Chapter II - Elite Advances

A new system added to character creation and advancement, where players can invest XP into powerful character traits which sit outside of the usual talent structure of Genesys.

Chapter III - New Talents

A wide range of new talents (68 in total), expanding on those avaliable in Dark Heresy and the Genesys Core Rulebook. Some of these are brand new, and some adapted from the rich options avaliable in Fantasy Flight Games’ Star Wars Roleplaying system which Genesys is based on.

Chapter IV - Expanded Armoury

A significant expansion of the armoury section detailed in Dark Heresy, adding a wide variety of rare and unique arms and armaments.

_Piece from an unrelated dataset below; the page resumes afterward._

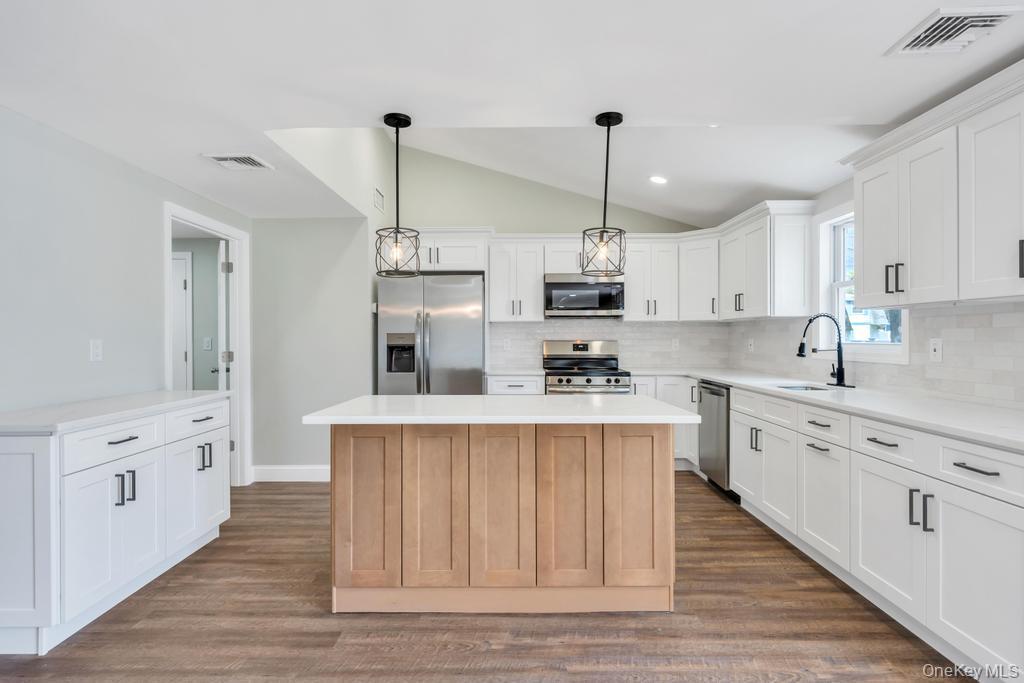 Single Family Blackpine  Suffolk County, NY 11763, MLS-989107-4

Chapter V - Influence and Subtlety

An optional rules system for tracking an Acolyte Cell’s renown and influence within the Inquisition and the wider Imperium, as well as monitoring how subtlety they conduct their investigations, with appropriate ramifications and rewards for their behaviour.

Note that this isn't final; I can still add content and tweak things significantly, but it represents most of what I want to have in this release. Think of it as kind of a hybrid of the Inquisitor's Handbook and Ascension from Dark Heresy 1e, with some hints of the three Enemies books from DH2e.

Not the last expansion I plan to do, but most likely the biggest.

Please give lots of feedback if you take a look at this! I want it to be in a good state balance and content wise before I put the official 1.0 stamp on it.